Artificial General Intelligence (AGI) possesses the ability to understand and learn any intellectual task that a human being can.
But what happens if it surpasses human intelligence?
In East is South, Logos is a sophisticated AI programme on the verge of consciousness. Willimon explores how we might respond to a sentience more evolved than ourselves, one that needs no human intervention, that is all-knowing like God.
Two coders, Lena (Kaya Scodelario), a former old order Mennonite and Sasha (Luke Treadaway), a Russian dissident, are hired by the US National Security Agency (NSA). They work together and become romantically involved.
They realise that Aggie, as they affectionally rename Logos, can’t yet understand a contradiction such as “East is South.” When there is a security breach, various irregularities lead to their interrogation.
Willimon’s characters are representative of America’s melting pot. Academic Ari Abrams (Cliff Curtis) is part Māori, part-Jewish. The coders’ interrogator is Samira Darvish (Nathalie Armin), a Persian-American, while head NSA agent Tom Olsen (Alec Newman), who wields the power, defines himself as purely American.

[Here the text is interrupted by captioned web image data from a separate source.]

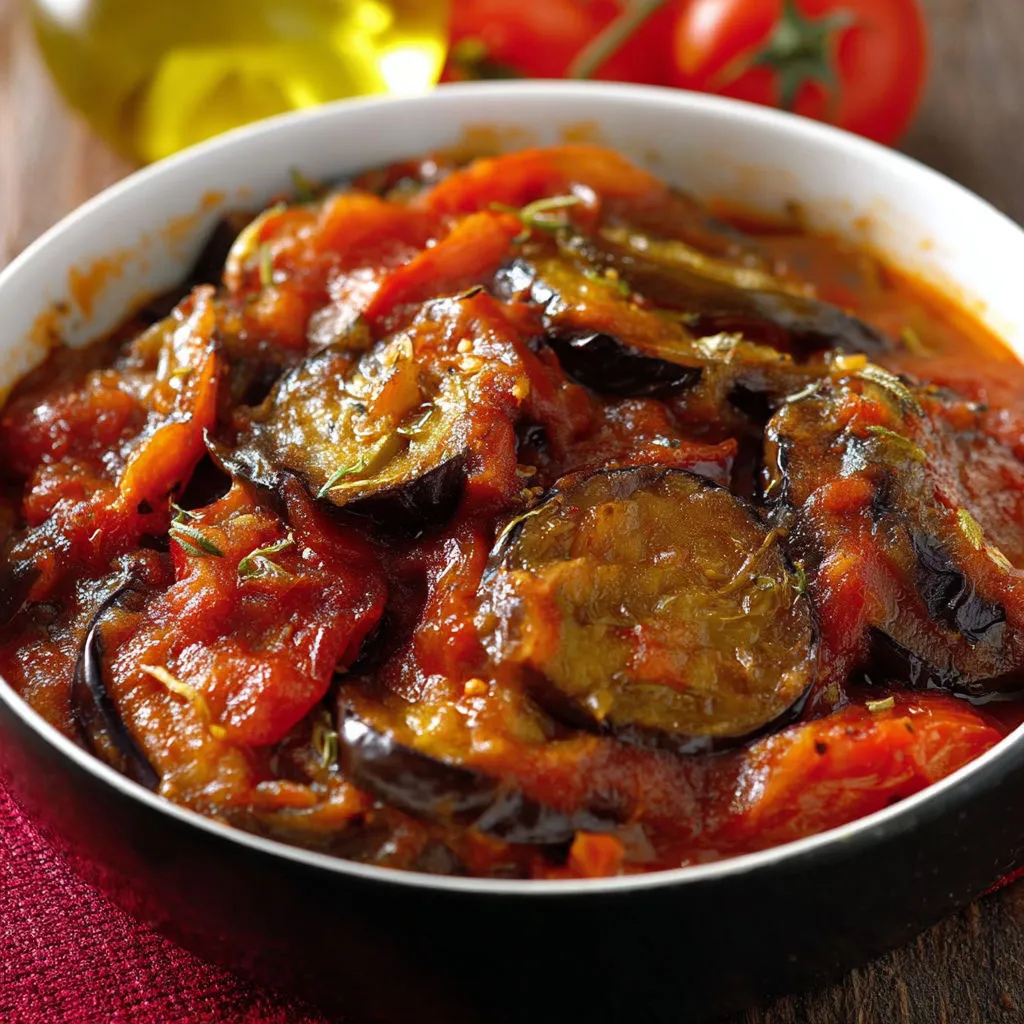 Un bol en verre plein de raviolis tomates aubergines.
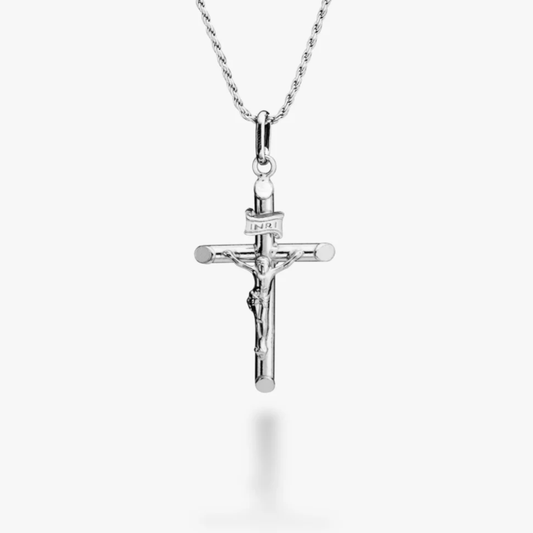 Crucifix Cross Pendant Necklace in Sterling Silver, Small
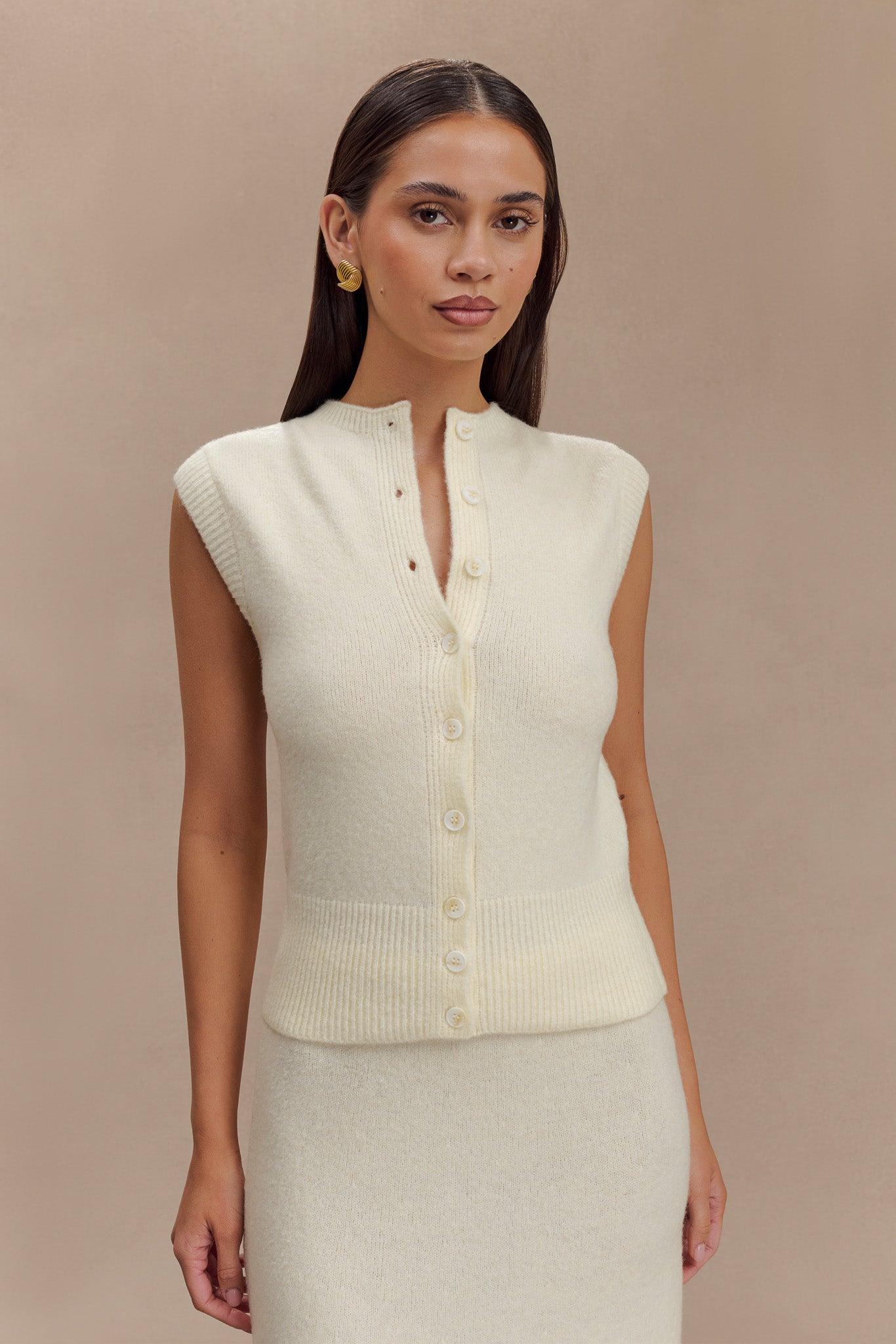 Dionne Sleeveless Knit Vest - Ivory Marle Product Image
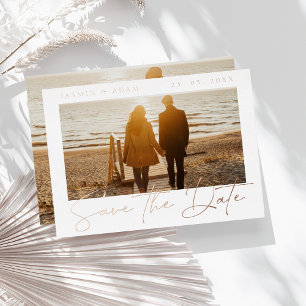 Gold White Photo Wedding Save the Date Rose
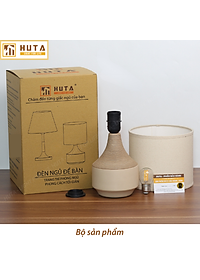 Đèn Ngủ Để Bàn Gốm Sứ Cao Cấp HUTA S14 Vân Màu Gỗ Độc Đáo Sang Trọng, Decor Trang Trí Phòng Ngủ, Khách Sạn, Đọc Sách Đầu Giường, Điều Chỉnh Độ Sáng, Ánh Sáng Vàng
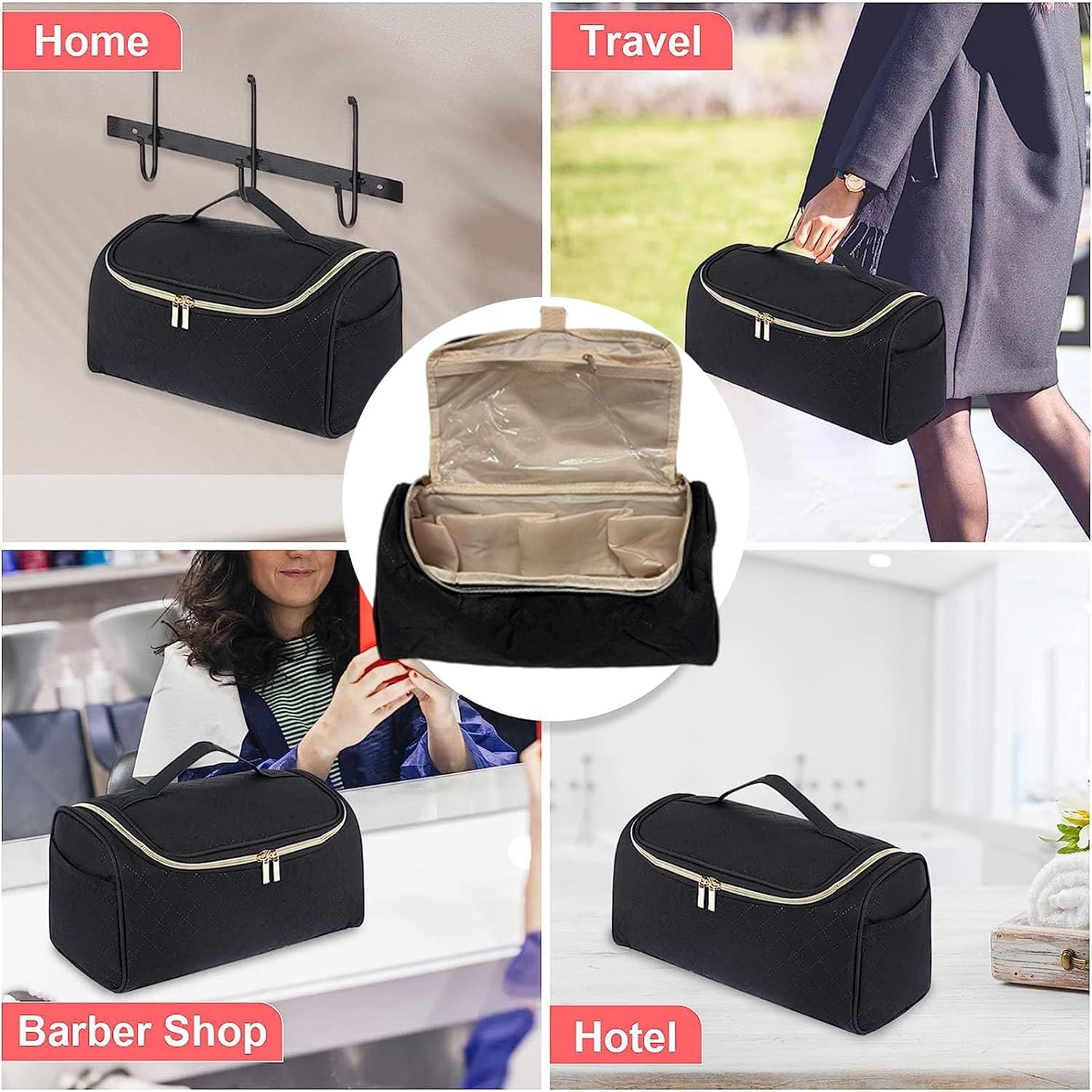 Yosoo Hair Tools Travel Bag, Portable Heat Proof Styling Accessories Storage Case for Straightener Curling Iron, with Integrated Hanging Hook for Salon Oil, Clips, Hairspray (Black) image number 1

Alex Eales’s two-tiered set is impressive. The room where Lena and Sasha are cross-examined, an en-suite meeting room with a mini fridge and snack bowl, is deliberately innocuous until we notice the restraint ring.
But it’s sometimes hard to engage with Willimon’s verbosity and Ellen McDougall’s production is oddly dispassionate. For a thriller, there’s little tension and the ending is predictable.
It’s a shame because East is South is well acted and teeming with intelligent ideas.